Better Bisphosphonates

Lipophilic compound kills more cancer than traditional analog

by Rachel Petkewich
April 6, 2009 | A version of this story appeared in Volume 87, Issue 14

New lipophilic bisphosphonate compounds that act on multiple enzymes could lead to improved anticancer drugs as well as treatments for tropical diseases.

Although bisphosphonate drugs were originally developed for osteoporosis and other bone diseases, recent clinical trials have demonstrated that they also have anticancer activity and immune-enhancing benefits. But current bisphosphonates may not be optimal against soft-tissue tumors because they bind strongly to bone.

Now, an international team of 24 researchers led by chemistry professor Eric Oldfield of the University of Illinois, Urbana-Champaign, reports a lipophilic bisphosphonate called BPH-715 that is up to 200 times better at killing tumor cells and more bioavailable to soft-tissue tumors than traditional bisphosphonates (J. Amer. Chem. Soc., DOI: 10.1021/ja808285e).
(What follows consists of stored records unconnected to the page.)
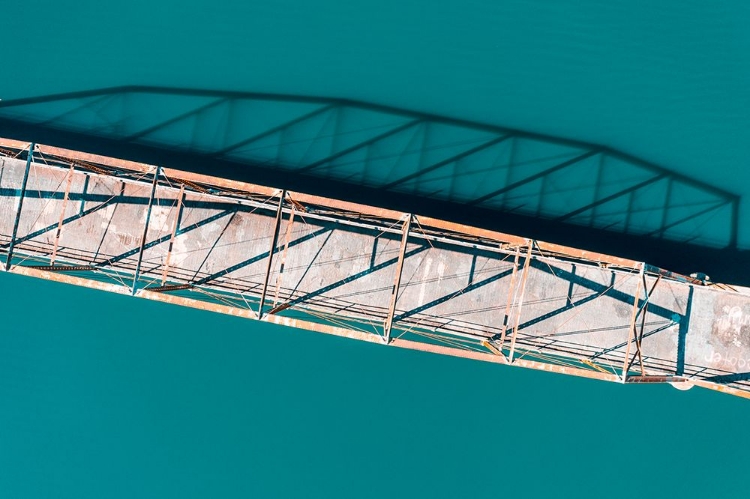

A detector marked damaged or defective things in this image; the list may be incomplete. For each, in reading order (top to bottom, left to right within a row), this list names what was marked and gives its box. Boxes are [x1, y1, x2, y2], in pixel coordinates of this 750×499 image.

rusted metal beam [3, 143, 34, 272]
rusted metal beam [131, 166, 161, 294]
rusted metal beam [258, 191, 284, 320]
rusted metal beam [384, 215, 414, 344]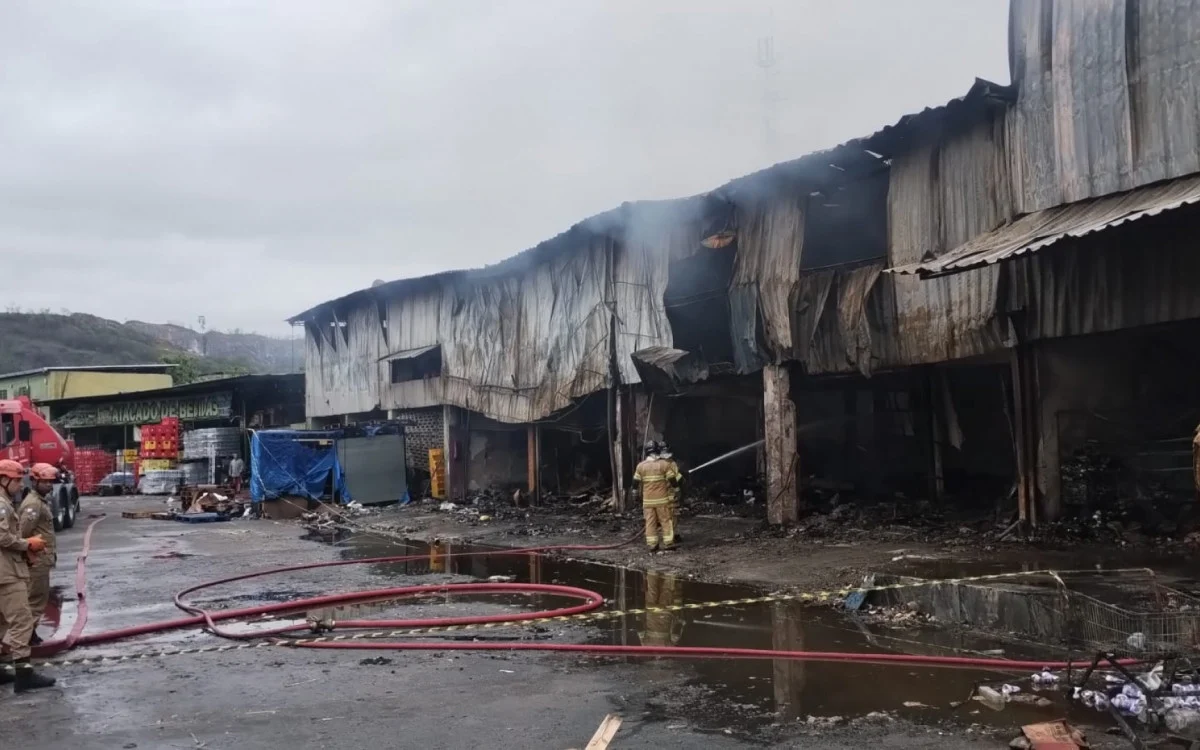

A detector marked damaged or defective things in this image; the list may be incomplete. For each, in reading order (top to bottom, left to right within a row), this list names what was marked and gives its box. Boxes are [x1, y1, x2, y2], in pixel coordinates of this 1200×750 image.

burned warehouse [288, 1, 1200, 537]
"Our compounds are tagged with a lipophilic tail so they bind less strongly to bone and more readily cross cell membranes," making them more effective than current bisphosphonates at killing soft-tissue tumors in mice, Oldfield says. These new compounds also kick-start the production of 100 times more cancer-killing immune system ??T cells than current bisphosphonates, he adds.

"Such lipophilic bisphosphonates may be suitable lead structures, or ideally preclinical candidates, in the search for novel anticancer agents," says Wolfgang Jahnke, who studies bisphosphonate biology and chemistry at the Novartis Institutes of Biomedical Research, in Basel, Switzerland. Novartis makes zoledronate, a traditional bisphosphonate drug for treating excessive bone resorption.
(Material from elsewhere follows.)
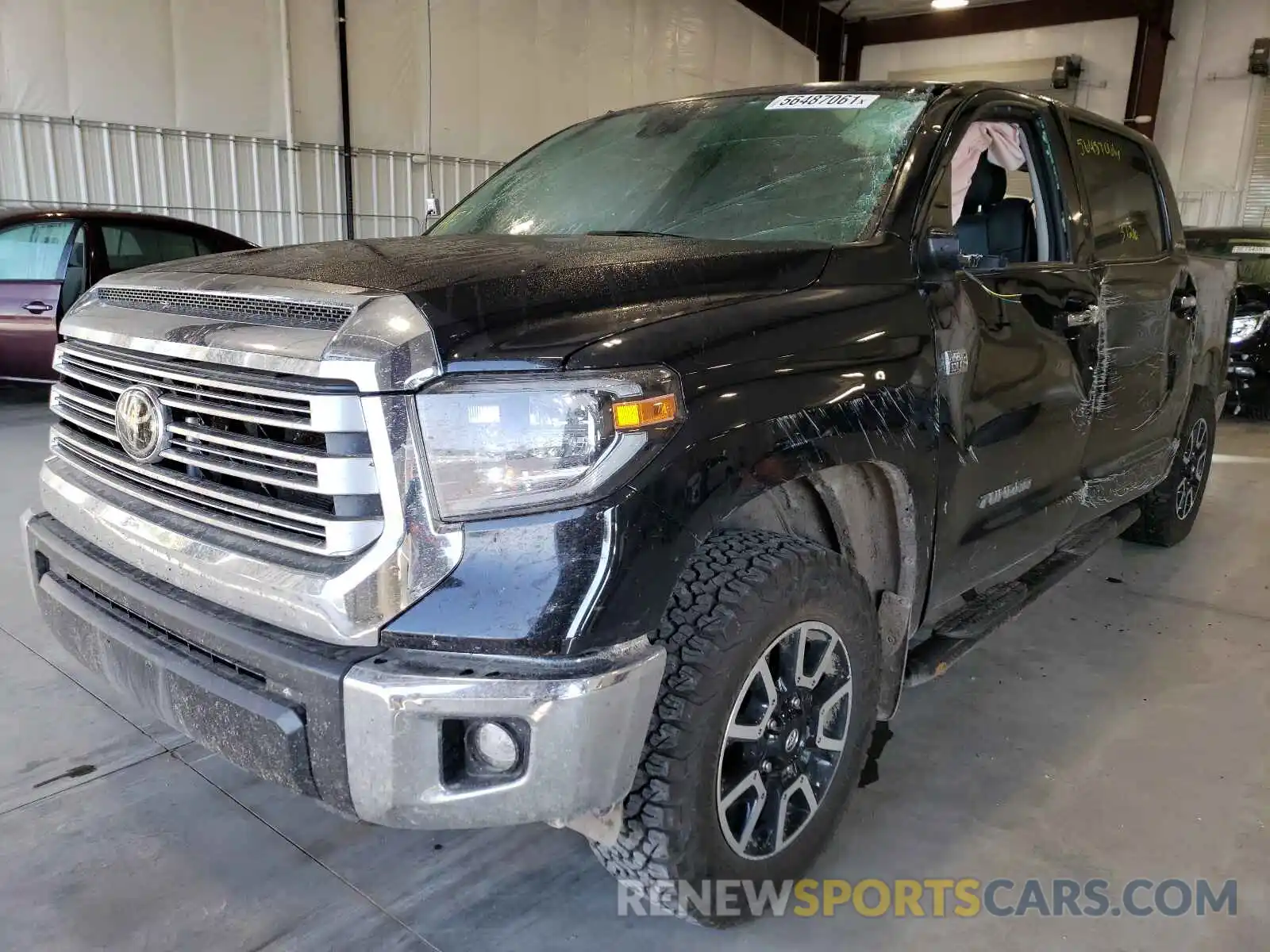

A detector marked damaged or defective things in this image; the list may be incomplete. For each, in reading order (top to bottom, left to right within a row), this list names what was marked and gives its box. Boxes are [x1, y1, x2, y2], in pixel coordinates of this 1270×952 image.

cracked windshield [432, 91, 927, 244]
Bisphosphonates in clinical-use target an enzyme called farnesyl diphosphate synthase (FPPS). Inhibiting it impairs cancer cell-survival signaling pathways that involve synthesizing isoprenoids. Oldfield and coworkers engineered the lipophilic compounds to inhibit both FPPS and a similar enzyme called geranylgeranyl diphosphate synthase (GGPPS), which recent work has indicated may also be a viable target for anticancer drugs. Crystallographic studies demonstrate that BPH-715 binds FPPS but primarily inhibits GGPPS.

Roberto Docampo, a biochemist at the University of Georgia, praises the "elegant structural and chemical studies." He adds that lipophilic bisphosphonates may also be useful in developing drugs to treat African sleeping sickness and malaria, both of which have cell-signaling pathways that involve FPPS and GGPPS.